For the second straight month, the December Logistics Managers' Index found Transportation Prices at an all-time (as in, six-year) low with both prices and Transportation Utilization contracting. Transportation Prices measured at 36.9, down .5 from November, while Transportation Utilization dropped 1.9 to 48.1 - moving from growth to contraction for the first time since the early days of the pandemic in April 2020. In spite of the weakness of the transportation metrics - there was also continued high Transportation Capacity - the LMI actually ticked up in December as the holiday shopping season impacted inventory and warehousing particularly. After dropping seven of the last eight months, the index went up one point to 54.6, a fact the report attributes to a stronger than expected holiday shopping season and keeping it above the overall moderate growth threshold of 50. According to Mastercard, holiday spending was - perhaps somewhat surprisingly - up 7.6% year over year, while e-commerce rose even more, at 10.6%. This led to Inventory Levels continuing to moderate from where they were earlier in the year (though they increased from 54.8 in November to 57.3) and Warehousing Utilization to jump 7.3 to 64.1. Warehousing Prices are still high, with an index figure of 72.1, though that marked a decline of 2.3 from November. Inventory Costs also remain elevated but did drop a bit month to month, from 73.4 to 72.8. The Inventory and Warehousing machinations according to the report are largely due to downstream vs upstream, as downstream respondents (i.e. retailers) held higher inventory levels with more limited warehousing to sell their merchandise. Warehousing Capacity continues to contract - for 28 straight months now - while carriers look to create more, and the aforementioned Transportation Capacity metric likely suffered because inventory was already staged with little need for further movement.
By the Numbers
See the summary of the December 2022 Logistics Managers' Index, by the numbers:
About the Logistics Managers' Index (LMI)

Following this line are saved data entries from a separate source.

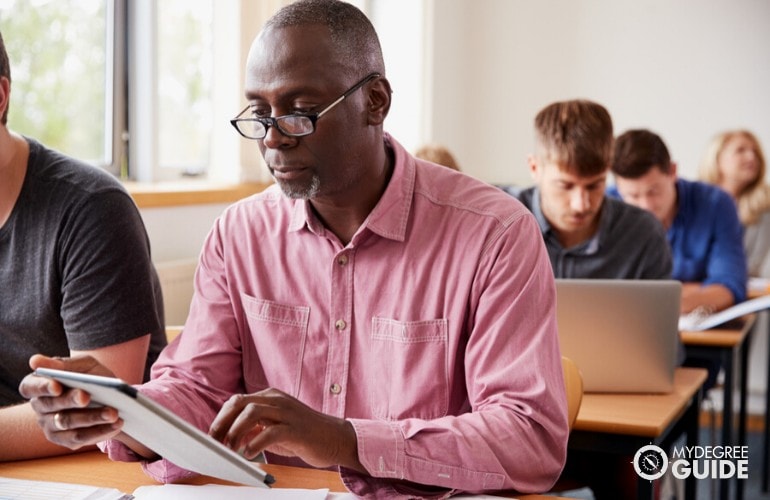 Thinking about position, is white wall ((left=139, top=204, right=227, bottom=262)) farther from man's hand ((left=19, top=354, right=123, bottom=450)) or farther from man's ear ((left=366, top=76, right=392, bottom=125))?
man's hand ((left=19, top=354, right=123, bottom=450))

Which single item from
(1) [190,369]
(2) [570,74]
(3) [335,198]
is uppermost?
(2) [570,74]

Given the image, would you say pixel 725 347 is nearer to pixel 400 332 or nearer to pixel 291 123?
pixel 400 332

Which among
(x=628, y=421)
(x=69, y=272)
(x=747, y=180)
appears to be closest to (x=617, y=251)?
(x=628, y=421)

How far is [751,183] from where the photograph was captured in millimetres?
4926

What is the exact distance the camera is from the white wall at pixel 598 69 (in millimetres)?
5066

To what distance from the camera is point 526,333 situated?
1378 millimetres

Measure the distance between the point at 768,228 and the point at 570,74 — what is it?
137 cm

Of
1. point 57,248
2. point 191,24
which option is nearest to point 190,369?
point 57,248

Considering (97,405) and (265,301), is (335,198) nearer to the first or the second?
(265,301)

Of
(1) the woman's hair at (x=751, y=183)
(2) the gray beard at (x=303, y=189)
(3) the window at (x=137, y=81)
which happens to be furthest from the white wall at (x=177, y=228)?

Researchers at Arizona State University, Colorado State University, Rochester Institute of Technology, Rutgers University, and the University of Nevada, Reno - in conjunction with the Council of Supply Chain Management Professionals (CSCMP) - issue the report. The LMI score is a combination of eight unique components that make up the logistics industry, including: inventory levels and costs, warehousing capacity, utilization, and prices, and transportation capacity, utilization, and prices. The LMI is calculated using a diffusion index, in which any reading above 50.0 indicates that logistics is expanding; a reading below 50.0 is indicative of a shrinking logistics industry. The latest results of the LMI summarize the responses of supply chain professionals collected in December 2022.